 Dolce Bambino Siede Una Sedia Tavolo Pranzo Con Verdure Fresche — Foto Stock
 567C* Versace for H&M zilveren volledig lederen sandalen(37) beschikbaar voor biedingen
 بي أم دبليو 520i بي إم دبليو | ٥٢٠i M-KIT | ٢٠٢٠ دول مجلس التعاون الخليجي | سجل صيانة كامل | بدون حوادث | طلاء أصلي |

________________________

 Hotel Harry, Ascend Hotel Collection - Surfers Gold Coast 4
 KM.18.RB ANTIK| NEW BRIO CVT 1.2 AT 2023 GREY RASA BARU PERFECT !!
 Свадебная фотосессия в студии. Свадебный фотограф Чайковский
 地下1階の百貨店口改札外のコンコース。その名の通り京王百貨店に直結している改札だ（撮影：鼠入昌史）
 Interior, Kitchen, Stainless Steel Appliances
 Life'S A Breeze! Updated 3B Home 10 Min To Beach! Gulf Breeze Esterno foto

________________________

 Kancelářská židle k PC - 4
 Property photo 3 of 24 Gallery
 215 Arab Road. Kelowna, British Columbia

________________________

- _About this exercise_
For the listing above, print only the lines starting at the line containing "Kancelářská židle k PC - 4" and ending at the line containing "215 Arab Road. Kelowna, British Columbia", exactly, both included.

- _Result for this exercise_
 Kancelářská židle k PC - 4
 Property photo 3 of 24 Gallery
 215 Arab Road. Kelowna, British Columbia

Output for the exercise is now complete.